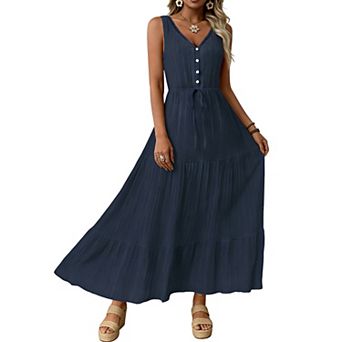 Lightweight Maxi Dress with Adjustable Waist V-Neck Button Placket Tiered Ruffle Skirt for Summer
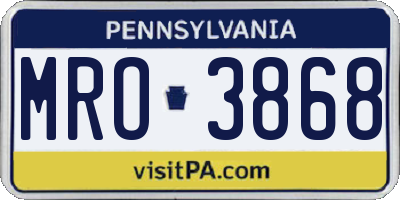PA license plate MRO3868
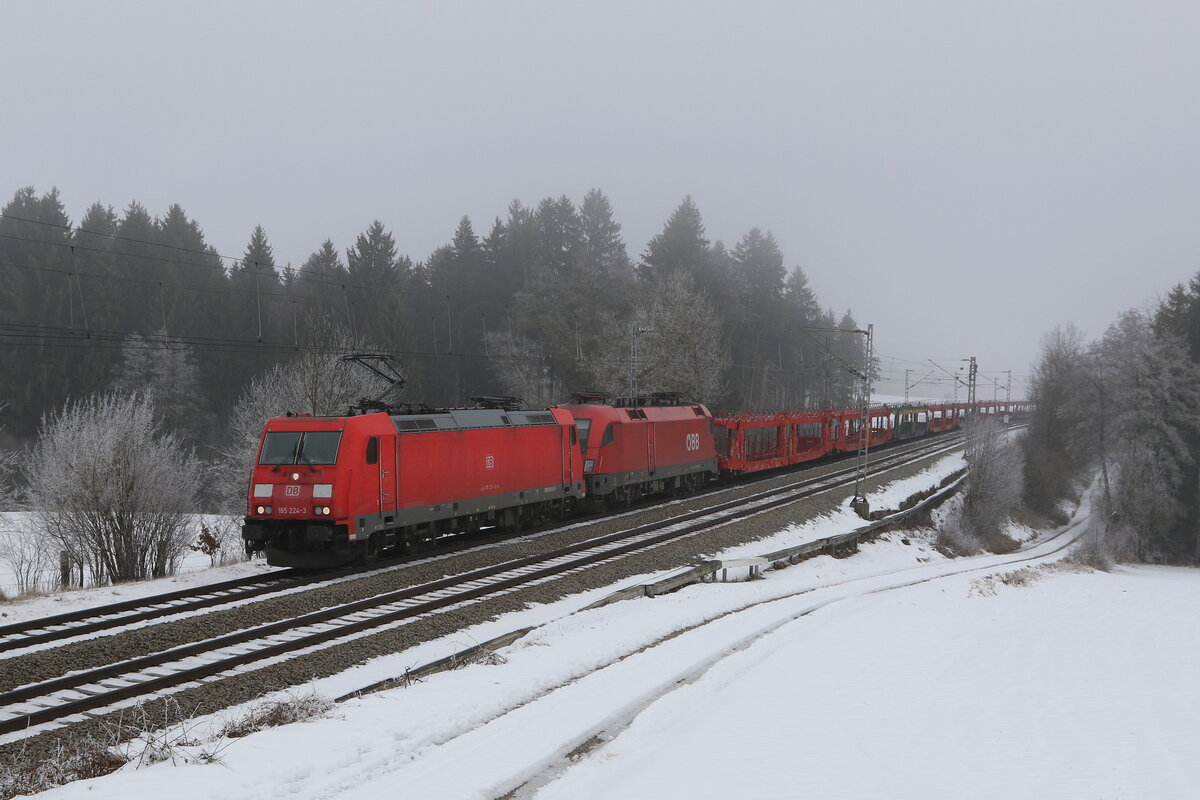 185 224 & 1016 003 mit einem leeren Autozug aus Salzburg kommend am 25. Januar 2022 bei Grabenst�tt.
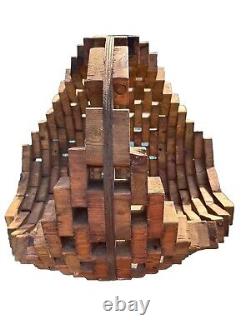 Beautifully Hand Crafted Wooden Log Or Crafting Basket Fireplace Unique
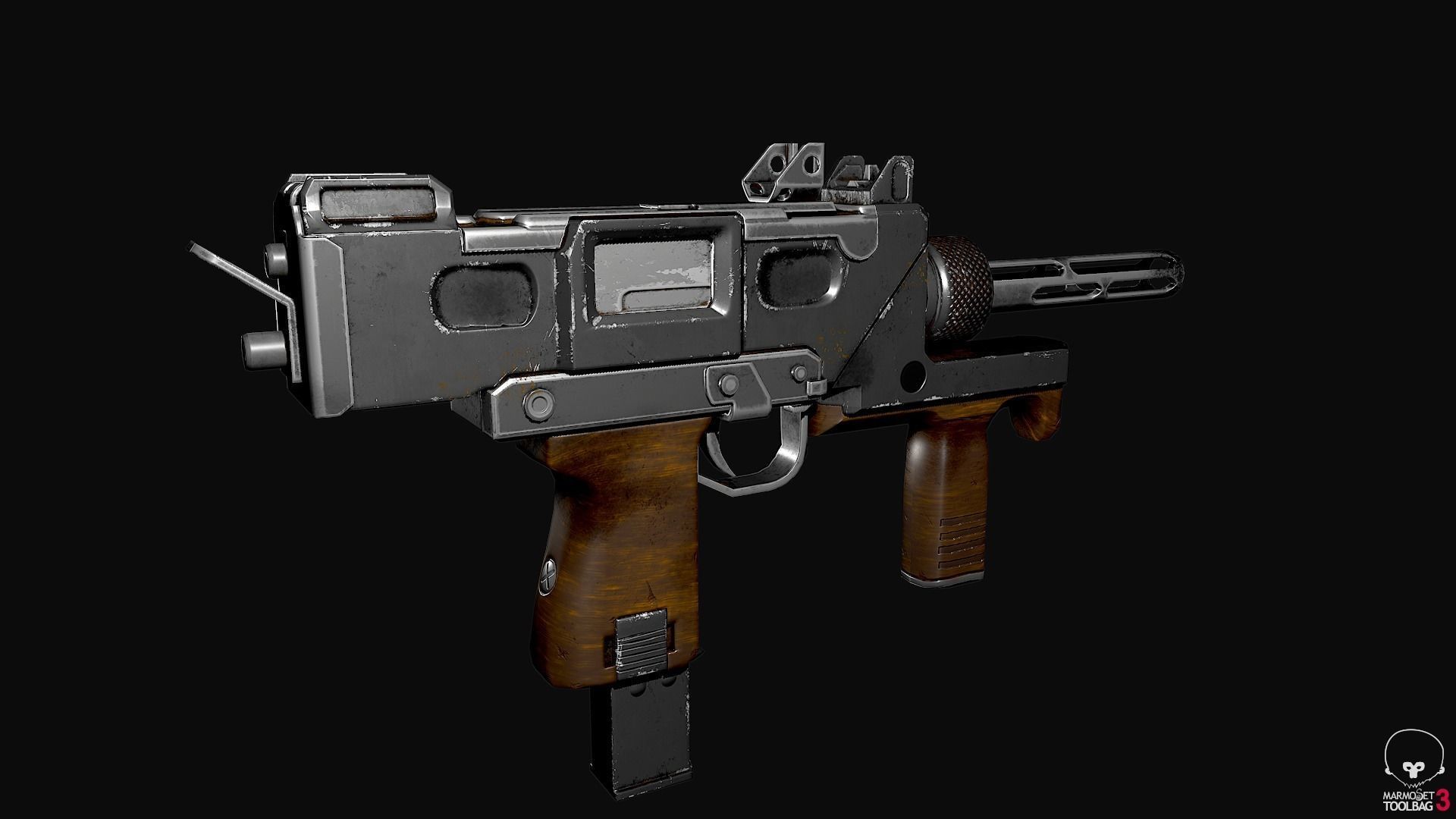 Minebea PM-9 uzi varient Low-poly 3D model_1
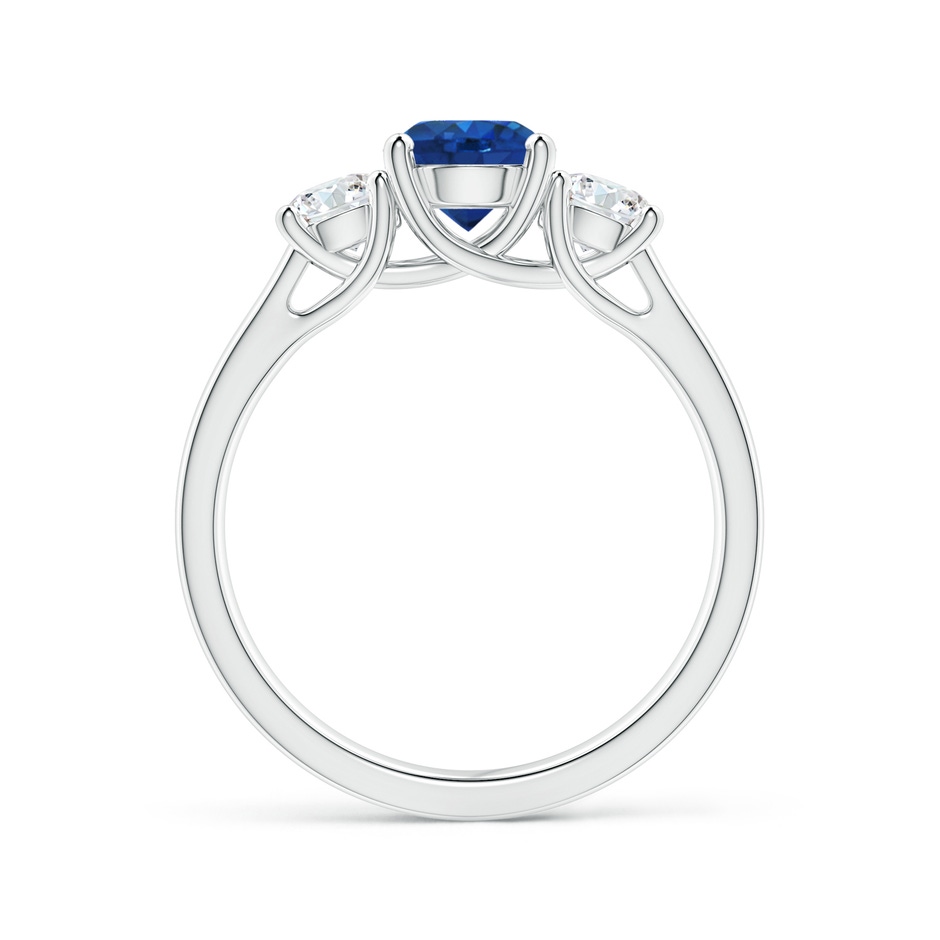 6mm AAA Classic Round Sapphire and Diamond Three Stone Ring in P950 Platinum side-1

- **Instructions to follow**: From the line with "185 224 & 1016" through the final line of the records above, return each line exactly and nothing else. Pictures are to be skipped.

- **Result of the task**:
 185 224 & 1016 003 mit einem leeren Autozug aus Salzburg kommend am 25. Januar 2022 bei Grabenst�tt.
 Beautifully Hand Crafted Wooden Log Or Crafting Basket Fireplace Unique
 Minebea PM-9 uzi varient Low-poly 3D model_1
 6mm AAA Classic Round Sapphire and Diamond Three Stone Ring in P950 Platinum side-1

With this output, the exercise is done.